Data extracts:
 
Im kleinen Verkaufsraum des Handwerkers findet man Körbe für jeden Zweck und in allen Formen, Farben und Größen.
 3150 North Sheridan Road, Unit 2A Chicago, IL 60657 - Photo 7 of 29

==

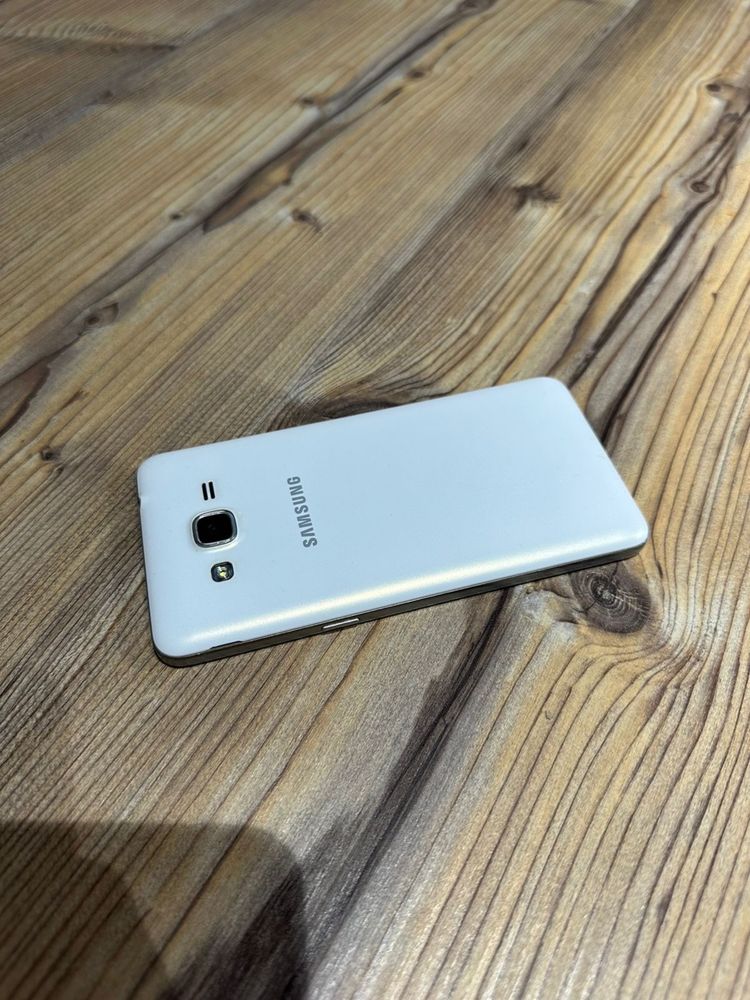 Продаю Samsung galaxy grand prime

Work to complete: Your reply is to repeat, unchanged, the lines above running from the one with "Im kleinen Verkaufsraum" up to and including the one with "3150 North Sheridan".

Solution to this problem:
Im kleinen Verkaufsraum des Handwerkers findet man Körbe für jeden Zweck und in allen Formen, Farben und Größen.
 3150 North Sheridan Road, Unit 2A Chicago, IL 60657 - Photo 7 of 29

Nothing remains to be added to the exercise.